#### WHAT THE EXERCISE ASKS
Beginning with the line below that contains "Leather set, recliner, loveseat, pillow, View" and ending with the line that contains "Bief d'amenée et", retype every line exactly. Pictures are not copied.

#### PROVIDED MATERIAL
::::
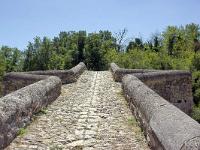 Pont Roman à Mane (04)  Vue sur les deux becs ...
::::
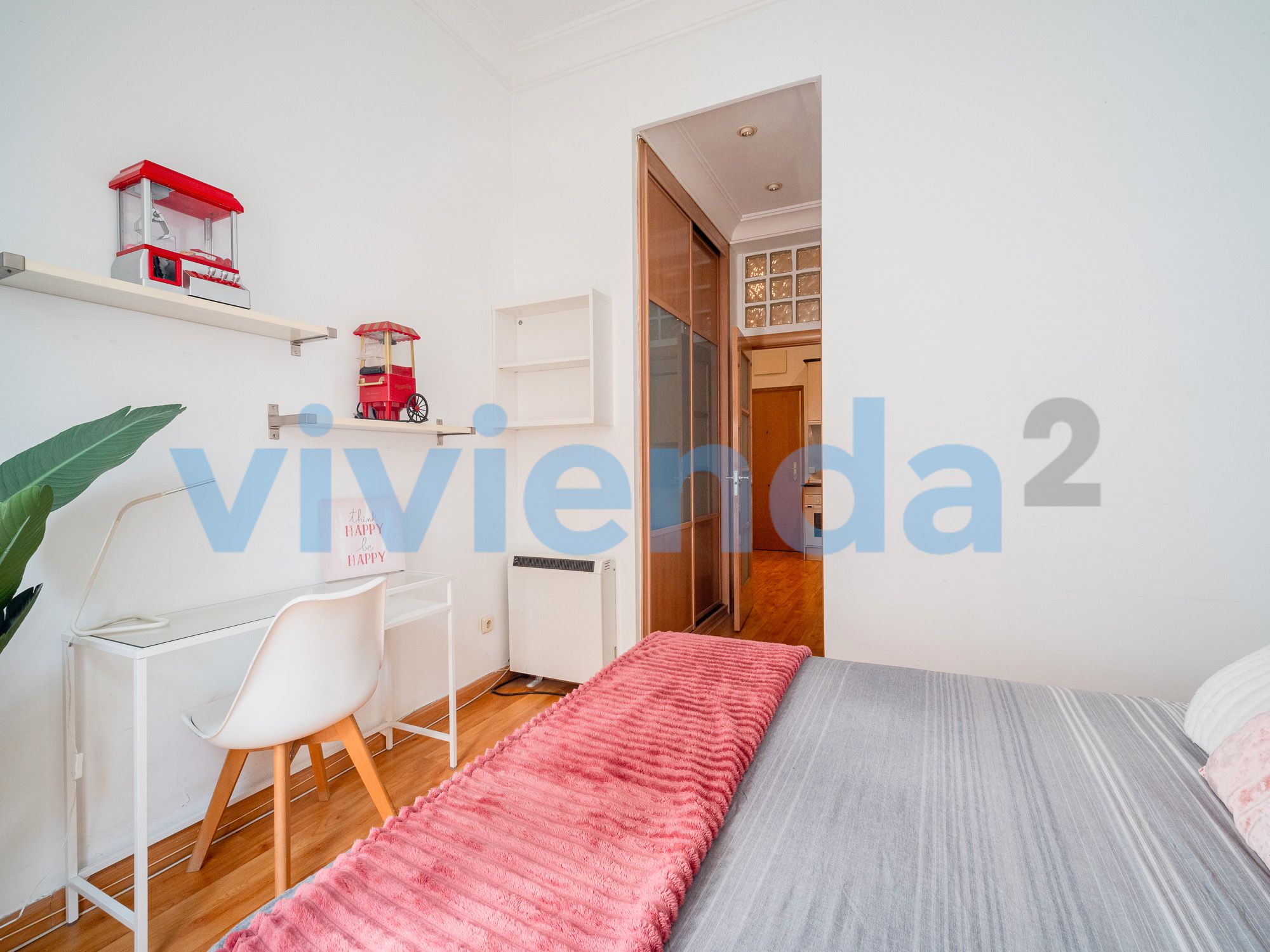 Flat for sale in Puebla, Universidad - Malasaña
::::
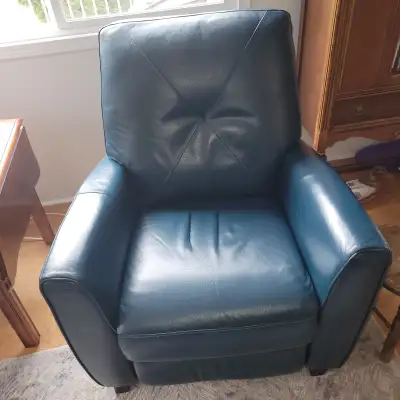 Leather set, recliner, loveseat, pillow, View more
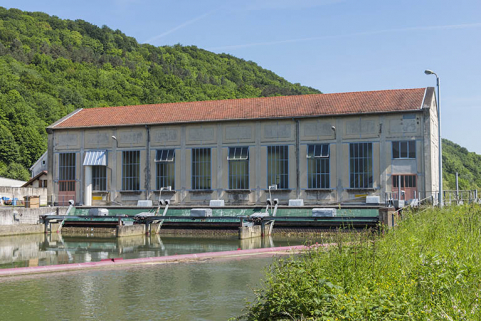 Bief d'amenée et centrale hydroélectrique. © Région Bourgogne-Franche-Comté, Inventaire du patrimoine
::::
#### COMPLETED EXERCISE
 Leather set, recliner, loveseat, pillow, View more
 Bief d'amenée et centrale hydroélectrique. © Région Bourgogne-Franche-Comté, Inventaire du patrimoine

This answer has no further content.